Have Chicago's Problems Made It Unlivable?

A few days ago Mancow, the radio shock jock and reality TV star whose real name is Erich Muller, made headlines when he told the Chicago Tribune why he recently sold his Lincoln Park condo and moved to Wilmette. Citing some of Chicago’s better known problems:

I think they’ve done a good job of making the city unlivable for families. I’m so sick of feeding the broken government in Chicago…The schools are awful. I guess I could have had (my daughters) go to public schools, but I don’t want them to be stupid. I drove past Lincoln Park High School every day, and the kids are cursing and yelling and have their hands down each other’s pants. And then, I was spending $45,000 a year for the (private) British School of Chicago. It was killing me.

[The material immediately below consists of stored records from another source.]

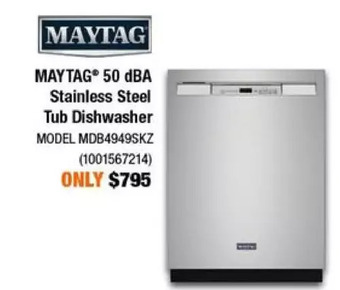 Home Depot Maytag 50 dba stainless steel tub dishwasher offer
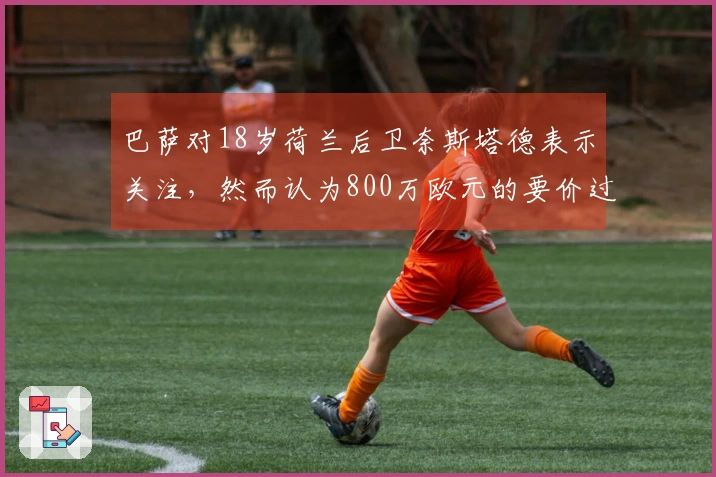 巴萨对18岁荷兰后卫奈斯塔德表示关注，然而认为800万欧元的要价过于昂贵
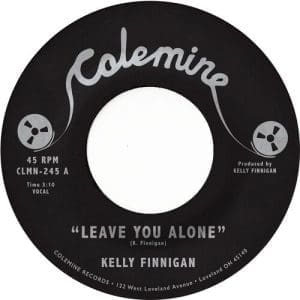 KELLY FINNIGAN Leave You Alone / Thom's Heartbreak 7"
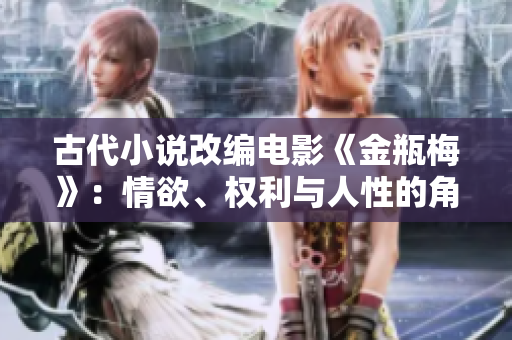 古代小说改编电影《金瓶梅》：情欲、权利与人性的角逐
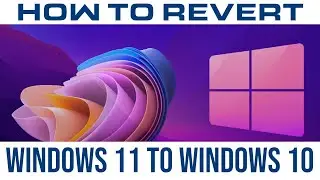 How to revert from Windows 11 to Windows 10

He went on to complain about the homeless people outside his home all the time and the fact that street parking has gone up from $.25/ hour to $13/ hour. I’m not sure when street parking was last $.25/ hour but certainly not in the last 14 years that I’ve been here. And it’s not $13/ hour now it’s $6.50 or $13 for 2 hours. But frankly, I prefer high street parking rates because low rates mean you can never find parking and cheap parking that I can’t find doesn’t do me any good. The real street parking problem is that all the spaces are filled all day with cars hanging handicap cards. What’s that all about? It’s the family and friends discount.
I thought it was interesting that a shock jock could be shocked by the behavior of high school students. But maybe his radio persona is different than his father persona.
Mancow’s complaints bring to mind Forbes’ list of America’s most miserable cities published earlier this year, where Chicago came in at number 4. Forbes ranked these cities on 9 equally weighted factors:

  1. Violent crimes per capita from the FBI’s 2011 Uniform Crime Report
  2. Average unemployment rate between 2010 and 2012
  3. RealtyTrac’s 2012 foreclosure rate for the city
  4. Income taxes
  5. Property tax rates based on median real estate taxes paid and median home values in 2011 per the U.S. Census
  6. The change in median home prices between 2009 and 2012
  7. Median commute times to work for 2011 based on U.S. Census data
  8. Weather – temperature, precipitation, and humidity
  9. Net migration

Fortunately for Chicago Forbes dropped political corruption from the criteria since last year. The factors that brought Chicago to the top of Forbes’ list were:

Chicago residents must endure long commutes (31 minutes on average), plummeting home prices (37% the past five years), brutal winters and high foreclosure rates (3.3% of homes in 2012 says RealtyTrac). Many residents are giving up on the Windy City with a net migration out of the city of 107,000 people the past five years, according to Moody’s Analytics.

The declining home prices is old news. The real estate market here has dramatically turned around in the last year and the foreclosure rate is declining, though it’s still high relative to the rest of the country. As for unemployment, that is also gradually improving as it is in the rest of the country.
For me these issues just begin to touch on Chicago’s problems, which plague a lot of the country’s large cities: congestion (and not just traffic), road conditions, cost of living, and city finances. But in the long run these things have a way of balancing out – unless a city gets into a death spiral like Detroit, which is #1 on Forbes’ list this year. If things get bad enough then people no longer want to live in a city and the cost of living declines as housing prices decline. But for the time being Chicago’s home prices are on the rise and apparently a lot of people want to live here despite our problems.